We are delighted to welcome David, an MSc Information and Library Studies student on placement with us in Archives and Special Collections this semester. In this guest post, he shares his insights into the Aldred collection.

As someone with a research background relating to Holocaust writing and Holocaust memory, the contents of one of the library’s special collections immediately caught my eye. Containing a range of socialist and anti-fascist pamphlets, texts and serials published between 1839 and 1971, the Andersonian library’s Aldred collection is an excellent resource for those looking to gain insight into British and American responses to historical anti-Semitism. It could be of particular interest to those, for instance, who are looking to research periods and perspectives that are not often represented in contemporary writing.

Anti-Semitism in British Culture 

As an example, titles such as A.J. LaBern’s ‘The disease of anti-Semitism’ (London: Woburn Press, 1942) and ‘The Jews: Some plain facts’ (London: Woburn Press, 1942) highlight the undercurrent of anti-Semitism that had begun to creep into British culture and media during the wartime period, with both aiming to counter this by stressing specific Jewish contributions to the war effort. 

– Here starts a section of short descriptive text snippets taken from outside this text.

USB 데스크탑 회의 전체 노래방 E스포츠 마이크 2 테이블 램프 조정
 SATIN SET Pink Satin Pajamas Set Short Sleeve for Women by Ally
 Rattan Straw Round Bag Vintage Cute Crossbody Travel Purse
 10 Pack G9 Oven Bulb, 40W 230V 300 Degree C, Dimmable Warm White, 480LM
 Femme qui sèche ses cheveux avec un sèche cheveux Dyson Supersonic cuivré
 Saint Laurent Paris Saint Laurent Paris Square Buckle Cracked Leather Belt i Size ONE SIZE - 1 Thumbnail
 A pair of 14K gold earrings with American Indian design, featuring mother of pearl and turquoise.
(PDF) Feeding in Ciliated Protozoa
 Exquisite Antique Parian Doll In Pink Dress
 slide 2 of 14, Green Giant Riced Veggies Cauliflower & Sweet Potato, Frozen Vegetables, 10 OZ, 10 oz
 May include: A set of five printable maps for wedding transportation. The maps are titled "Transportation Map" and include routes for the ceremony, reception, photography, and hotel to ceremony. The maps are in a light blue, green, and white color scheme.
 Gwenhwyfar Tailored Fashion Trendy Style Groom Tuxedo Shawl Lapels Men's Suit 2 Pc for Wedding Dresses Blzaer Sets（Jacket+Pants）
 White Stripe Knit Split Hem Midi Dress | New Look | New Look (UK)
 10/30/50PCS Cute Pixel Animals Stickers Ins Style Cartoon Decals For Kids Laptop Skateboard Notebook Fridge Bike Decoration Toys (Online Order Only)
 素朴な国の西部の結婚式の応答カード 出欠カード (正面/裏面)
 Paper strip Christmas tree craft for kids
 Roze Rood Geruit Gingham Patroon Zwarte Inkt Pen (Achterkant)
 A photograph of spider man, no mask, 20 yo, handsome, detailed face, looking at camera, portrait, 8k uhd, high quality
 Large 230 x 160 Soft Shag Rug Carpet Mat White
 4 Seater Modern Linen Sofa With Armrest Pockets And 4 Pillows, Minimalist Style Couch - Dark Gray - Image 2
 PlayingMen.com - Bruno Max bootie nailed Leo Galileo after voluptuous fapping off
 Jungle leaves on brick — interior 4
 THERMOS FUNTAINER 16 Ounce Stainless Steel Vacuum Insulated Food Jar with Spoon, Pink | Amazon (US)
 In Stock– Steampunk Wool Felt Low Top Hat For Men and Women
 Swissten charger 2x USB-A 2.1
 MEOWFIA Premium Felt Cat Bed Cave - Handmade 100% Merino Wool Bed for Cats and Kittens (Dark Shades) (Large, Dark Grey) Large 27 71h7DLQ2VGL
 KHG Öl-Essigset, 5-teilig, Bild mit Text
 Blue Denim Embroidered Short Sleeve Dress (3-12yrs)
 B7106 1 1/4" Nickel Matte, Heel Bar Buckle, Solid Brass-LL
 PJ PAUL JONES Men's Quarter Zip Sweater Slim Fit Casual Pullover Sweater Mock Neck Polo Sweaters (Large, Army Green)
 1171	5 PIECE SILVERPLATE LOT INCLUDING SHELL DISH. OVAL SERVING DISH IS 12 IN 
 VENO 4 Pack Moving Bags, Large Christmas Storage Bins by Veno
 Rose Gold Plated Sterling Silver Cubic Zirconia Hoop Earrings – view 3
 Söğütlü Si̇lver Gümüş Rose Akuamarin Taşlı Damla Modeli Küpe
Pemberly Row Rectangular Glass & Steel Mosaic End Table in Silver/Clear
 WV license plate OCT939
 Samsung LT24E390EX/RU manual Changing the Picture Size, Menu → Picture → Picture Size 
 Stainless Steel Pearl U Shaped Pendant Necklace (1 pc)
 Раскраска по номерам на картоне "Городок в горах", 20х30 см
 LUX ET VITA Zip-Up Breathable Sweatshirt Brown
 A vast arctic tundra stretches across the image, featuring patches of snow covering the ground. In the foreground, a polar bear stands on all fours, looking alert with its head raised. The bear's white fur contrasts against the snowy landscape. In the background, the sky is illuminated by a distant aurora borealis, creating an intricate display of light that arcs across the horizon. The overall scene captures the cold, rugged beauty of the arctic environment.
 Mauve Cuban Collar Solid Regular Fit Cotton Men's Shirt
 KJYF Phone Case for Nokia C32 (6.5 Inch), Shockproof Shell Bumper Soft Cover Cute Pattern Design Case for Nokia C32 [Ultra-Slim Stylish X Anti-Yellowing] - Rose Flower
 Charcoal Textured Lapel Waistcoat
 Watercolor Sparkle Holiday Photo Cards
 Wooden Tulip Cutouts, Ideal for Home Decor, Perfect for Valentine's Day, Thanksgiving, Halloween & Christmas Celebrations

Anti-Semitism pamphlets from the Aldred collection.

Holocaust Memory

As the collection also features materials that were published immediately following the liberation of the concentration camps, it also provides valuable insight into another period that is often under-represented in contemporary Holocaust writing. Specifically, this would be the period that Barbie Zelizer1 has referred to as the “first wave” of Holocaust memory. This period is generally viewed as spanning from the liberation of the concentration camps to the end of the 1940s and is heavily informed by the photographs that featured in British and American media during this time. As such, the emphasis is not yet placed on camps such as Auschwitz, which has come to form a vital part of contemporary Holocaust memory, but on places such as Dachau, Bergen-Belsen and Buchenwald. In this light, Victor Gollancz’s pamphlet ‘What Buchenwald Really Means’ (London: V. Gollancz ltd., 1945) is particularly valuable, as it features a fascinating post-liberation framing of the Holocaust. Importantly, Gollancz emphasises the failure of the British media to capture the reality of the genocide as it was taking place and, correspondingly, he chastises the British government and the British public at large for failing to take decisive action in preventing the genocide. The text also offers a noteworthy discussion of collective punishment and, specifically, Gollancz questions whether the German people can be held collectively accountable for the actions of the German government. As he puts it: “People forget what an unspeakably efficient instrument of oppression is a modern dictatorship...” As with many of the resources contained within this collection, therefore, this document provides a valuable perspective that is specific to the period. 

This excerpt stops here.